In contrast, in most states the federal District Courts sat in only one (occasionally two) places. Typically, those locations were the leading business and financial centers. In New York, for example, the court sat in Manhattan (it also sat one time in Albany). That meant that the overwhelming percentage of jurors would come from Manhattan – even if the dispute involved a contract or land in the distant reaches of the state. As already noted, those Manhattan jurors tended to be the “better sort”, members of the merchant, financial and business community.
These devices could be extremely effective. Professor Jones cites as an example an extraordinary string of victories by out-of-state and British plaintiffs seeking to recover land in New York:
Between 1809 and 1815, the New York Circuit Court rendered judgments in approximately thirty-five ejectment suits.

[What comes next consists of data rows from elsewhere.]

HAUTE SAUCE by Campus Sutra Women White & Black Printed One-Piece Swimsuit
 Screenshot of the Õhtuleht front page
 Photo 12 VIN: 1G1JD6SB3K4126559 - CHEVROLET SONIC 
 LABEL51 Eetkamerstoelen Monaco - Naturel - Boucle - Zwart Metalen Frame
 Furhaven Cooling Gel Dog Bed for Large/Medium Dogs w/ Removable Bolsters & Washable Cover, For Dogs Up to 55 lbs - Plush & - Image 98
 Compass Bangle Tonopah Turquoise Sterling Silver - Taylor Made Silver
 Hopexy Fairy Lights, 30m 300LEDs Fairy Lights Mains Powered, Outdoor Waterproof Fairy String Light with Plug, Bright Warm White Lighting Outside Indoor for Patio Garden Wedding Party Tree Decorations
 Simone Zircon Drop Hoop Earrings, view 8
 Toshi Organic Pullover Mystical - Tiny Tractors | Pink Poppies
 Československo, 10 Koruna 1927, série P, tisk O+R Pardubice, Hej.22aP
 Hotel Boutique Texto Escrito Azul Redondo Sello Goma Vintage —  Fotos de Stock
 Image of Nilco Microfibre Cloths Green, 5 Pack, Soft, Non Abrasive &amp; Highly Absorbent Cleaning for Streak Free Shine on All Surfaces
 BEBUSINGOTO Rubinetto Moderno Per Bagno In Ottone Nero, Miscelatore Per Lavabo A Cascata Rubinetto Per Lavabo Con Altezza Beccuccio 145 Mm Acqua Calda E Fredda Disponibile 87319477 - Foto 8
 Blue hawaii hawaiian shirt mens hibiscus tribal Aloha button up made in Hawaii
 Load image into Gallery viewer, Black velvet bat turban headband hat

In all of these cases, diverse [that is, out-of-state] plaintiffs claimed title to the land and sought to eject a local inhabitant in an upstate county [including Broome, Cayuga, Cortland, Seneca, Tioga and Washington]. Twenty-six of the suits were brought by British heirs of Donald Fisher to eject landholders in upstate Washington County. The Fisher cases arose of the New York confiscation laws, which had redistributed the lands of loyalists during the Revolution.
Under New York law, all of these title disputes would have been tried in the counties where the land was located had they been litigated in state court. One can speculate whether a British heir to a loyalist would have been successful in dispossessing a local inhabitant had the case been tried before a jury composed exclusively of local farmers. The federal juries, however, were composed of Manhattan residents who were predominantly merchants. The Fisher plaintiffs succeeded in dispossessing the local inhabitants in every one of their federal cases. In fact, the judgment rolls reveal only one instance during this period where the federal jury found for the defendant in an ejectment case.
As a side note, did you ever wonder how federal authorities so successfully stacked the juries in the
Sedition Act cases with Federalist jurors prepared to convict the defendants? Now you know.
Professor Nelson’s work has also gained new attention as the result of an article by Suja A. Thomas bearing the startling title
Why Summary Judgment is Unconstitutional. For non-lawyers, summary judgment is a procedural device that defense lawyers use in civil cases (that is, non-criminal cases) to seek the dismissal of cases before they are presented to a jury. Under modern rules, if the relevant facts are undisputed, a judge is entitled to dismiss a case “as a matter of law” if the substantive law warrants it. For example, if a judge concludes that the wording of a written contract is unambiguous (not reasonably susceptible of more than one meaning), he may rule in favor of one party or the other. The jury is not involved.
Professor Thomas argues that the use of this procedure violates the
Seventh Amendment right to a jury trial in civil cases (“In suits at common law, where the value in controversy shall exceed twenty dollars, the right of trial by jury shall be preserved, and no fact tried by a jury, shall be otherwise reexamined in any court of the United States, than according to the rules of the common law.”). When the Seventh Amendment was ratified, she argues, juries decided both the facts and the law; it was practically impossible to obtain dismissal of cases unless a jury decided to so rule, and there was certainly no procedure akin to modern-day summary judgment. Thus, the right to a jury trial included the right to have a jury decide virtually every case -- including cases that are now dismissed before trial today.
It is obviously impossible, in the context of an already-long blog entry, to evaluate Professor Thomas’s claim. However, it is worth noting that the University of Iowa recently held a
symposium on the issue, with papers by both Professors Thomas and Nelson, among others.